Introduction to Natural Language Processing

CSE143, Fall 2019

THIS SYLLABUS IS SUBJECT TO CHANGE!!!!!!!

 

Primary Textbook 
(available online)
Additional Resource 

 

 

Course Information

WHERE: Engineering 2: Room 192 (enter from plaza)
WHEN: Mondays Wednesdays 07:10PM-08:45PM

 

Instructor Information

Dilek Hakkani-Tür

email: dhakkani@ucsc.edu 
Office Hours:  TBD

 

TA Information

Wen Cui. email: wcui7@ucsc.edu

 

Lena Reed. email: lireed@ucsc.edu 

 

TA/Tutors & Lab Hours:

Wednesdays 4:00 - 5:30pm in Ming Ong Windows Lab (Merrill Room 103)
Fridays 3:00 - 4:30pm in BE 105
 
TA office hour: Thursdays 1-2pm in BE 151

 

 

Online Class Discussion

This term we will be using Piazza for class discussion. The system is highly catered to getting you help fast and efficiently from classmates, the TA, and myself. Rather than emailing questions to the teaching staff, I encourage you to post your questions on Piazza. If you have any problems or feedback for the developers, email team@piazza.com.

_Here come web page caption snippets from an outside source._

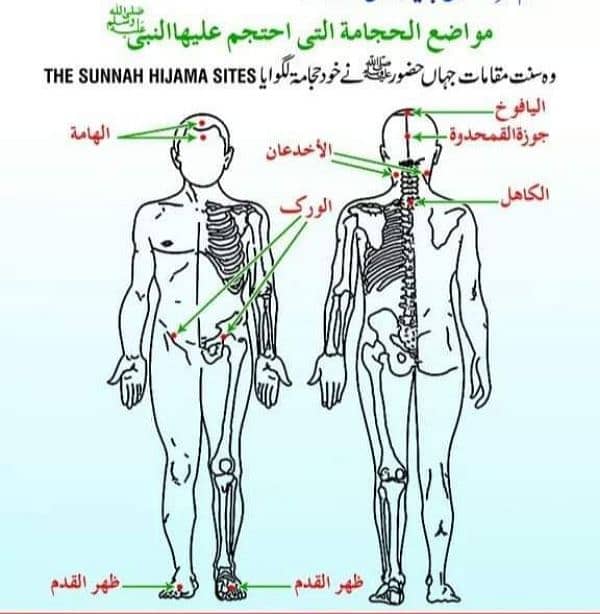 DKJ Hijama Cupping Therapy Medication Center   Clinic Doctor Hospital 3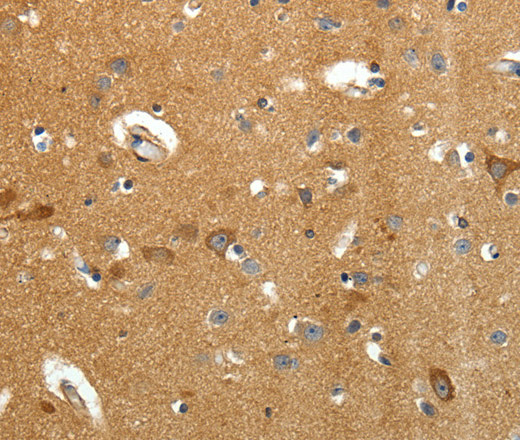 Immunohistochemistry of paraffin-embedded Human brain tissue using AMD1 Polyclonal Antibody at dilution 1:40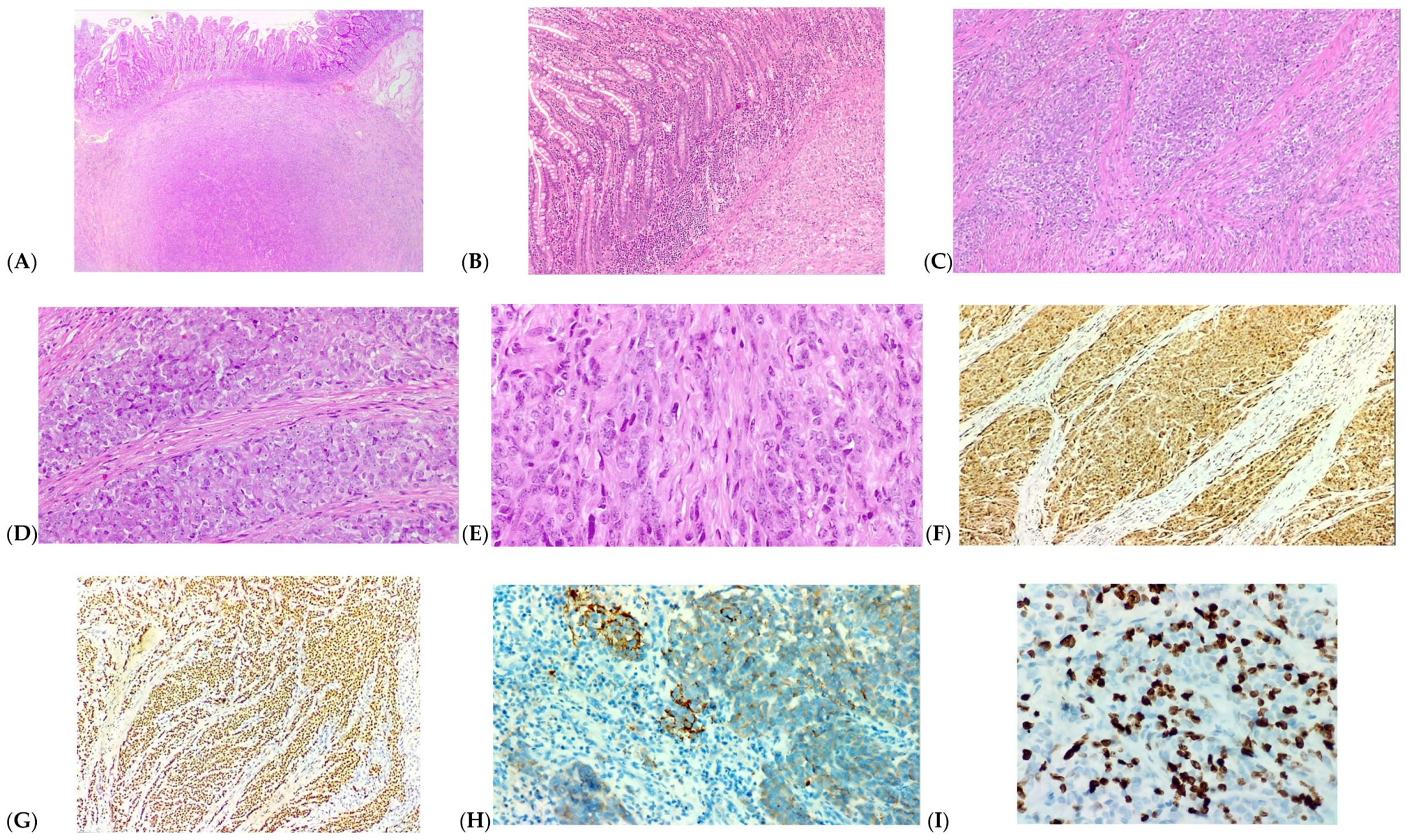 Medicina 60 00847 g003 Medicina 60 00847 g003
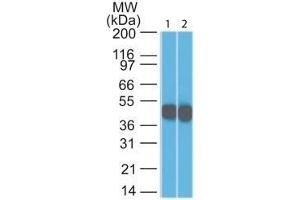 Western Blot Analysis (1) HeLa and (2) A431 lysate using Cytokeratin 18 Mouse Monoclonal Antibody (DC10). (Cytokeratin 18 抗体)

Find our class page at: https://piazza.com/ucsc/fall2019/cse14301/home

 

Course Description

Fall 2019. This class introduces advanced undergraduates to the theory and practice of Natural Language Processing. This offering will focus on NLP programming for processing and generation of narratively structured text, such as classic stories such as Aesop's Fables as well as personal narratives that can be mined on the web. CSE 143 provides a combination of homeworks and exams targeted at learning the basics of NLP using the NLTK toolkit and other publicly available software.   You must have previous experience with Python, because we can't teach you both Python and NLP in the class.

Text book:

  • Natural Language Processing with Python. Available electronically and from the bookstore. Henceforth referred to as NLLP
  • We will be using NLTK 3.0 and the updated version of the online book that corresponds to it. The version of the book in the bookstore is slightly out of date wrt what is on the web.
  • We will be using Python 3.0 or later and Jupyter Notebook.

Auxiliary texts:

  • Speech and Natural Language Processing. Jurafsky and Martin. Coursera online lectures and parts of book available online.

 

Grading

  • Attendance: 5%
  • Homeworks and discussion of what we learned from the homeworks in class: 45%
    • Homework INCLUDES project, and final presentation of project during Finals slot
  • Midterm: 25%
  • Final: 25%
  • Homework Delivery: Turn it in on Canvas. Please include any code, files, and written documents in a zip file. Written documents should be plain text or PDF only. Multiple uploads (to overwrite) are enabled. Late HW accepted until noon the next day with a 10% penalty. Homeworks not accepted any later than that because the solutions will be posted at noon and discussed in class.